私は帰国子女ではなく、海外留学の経験もありません。でも、幅広い職種がある銀行のなかで、若い頃にさまざまな仕事をさせていただいたうえで、非日系企業担当の審査部に落ち着いたのは、昭和世代の割にはTOEICのスコアが良かったなど、英語が好きだったことが関係しているかもしれません。

思い返せば、中学2年生の時にふと「英語ができるようになりたい」と思いたってNHKラジオ英会話を聴き始めて以降、海外で仕事をすることへの憧れを持っていました。
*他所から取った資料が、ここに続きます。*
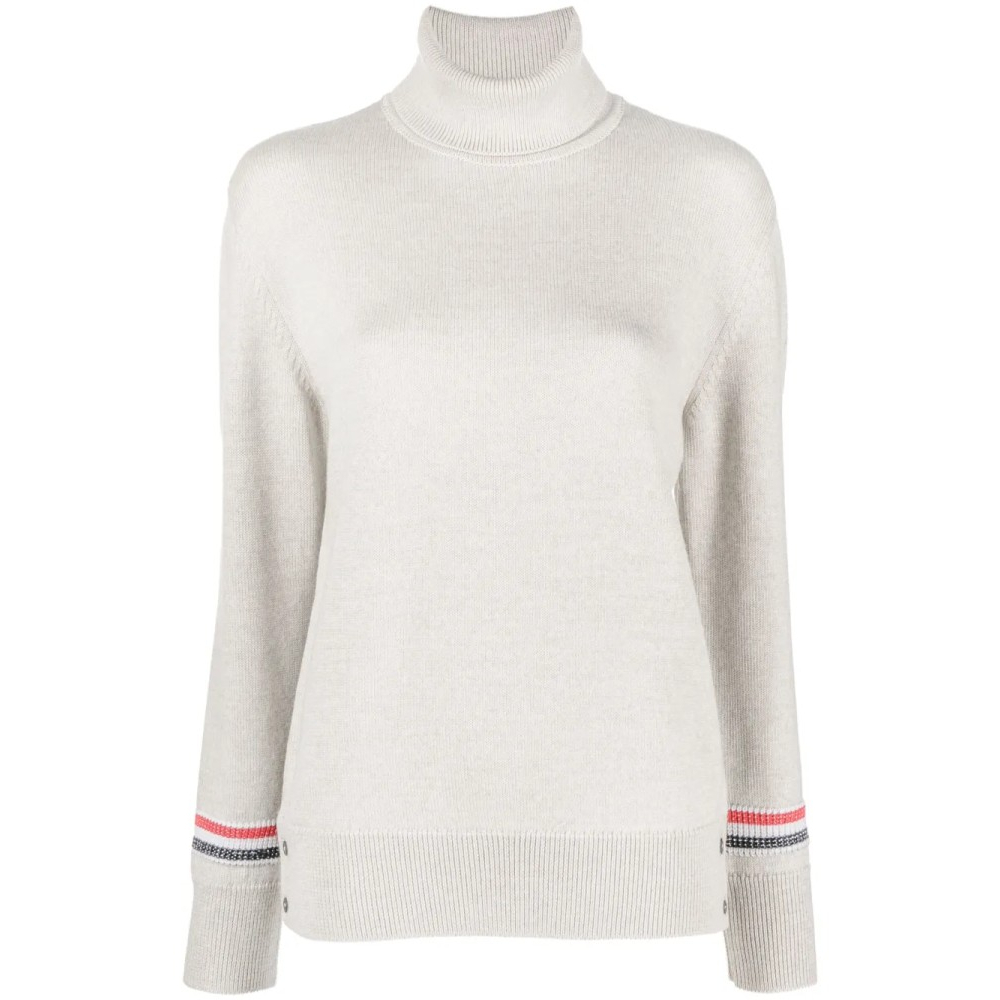 Women's 'Rwb Stripe' Turtleneck Sweater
三井住友銀行の非日系審査部員は、海外拠点をぐるぐる巡るキャリアを歩む方が多いのです。私も東京勤務の時には、アジア企業の与信業務や中東の国々のカントリー・リスク分析を担当していて、韓国のほか、バーレーン・イラン・トルコ・カザフスタンなど、個人旅行ではなかなか行けない国へ出張する機会をいただきました。それから2回の香港駐在。そして今、ロンドンです。

2009年からのはじめての香港駐在には、家族も帯同しました。2017年からの2回目の香港駐在は単身赴任で行ったのですが、その終わり(2021年)にロンドンへの転勤辞令を受け取った時には、驚きました。

コモンウェルズ宗主国である英国に漠然とした憧れは持っていたものの、ちょうどコロナ騒ぎの真っ只中でしたので、一時帰国して家族とゆっくりすごすこともままならず、複雑な心持ちでした。

いろんな考え、いろんな強み

現在は、ロンドンの審査部で、欧阿中東地域の金融機関(銀行・ソブリン・保険・証券・ファンド等)を管轄しています。8名の部下は全員、現地採用ですが、その国籍は、イギリス以外にも、イタリア、ジンバブエ、モーリシャス、パキスタンなど。多様なバックグラウンドの人材が、それぞれの考えや強みをもって集まるのがロンドンという街の良さです。

日本ではチームの皆が同じ文化背景を持っていて通じ合う良さがありましたが、ここでは互いに全く背景が違うことが前提で、言いたいことをはっきり言い合うという、別の良さがあるなあと思います。

ボートを通じてどこでも友達ができる

もともと体を動かすことが好きですが、単身赴任だからこそ健康管理には気をつけています。土曜日にボート、日曜日にランニングをするのが長年の習慣です。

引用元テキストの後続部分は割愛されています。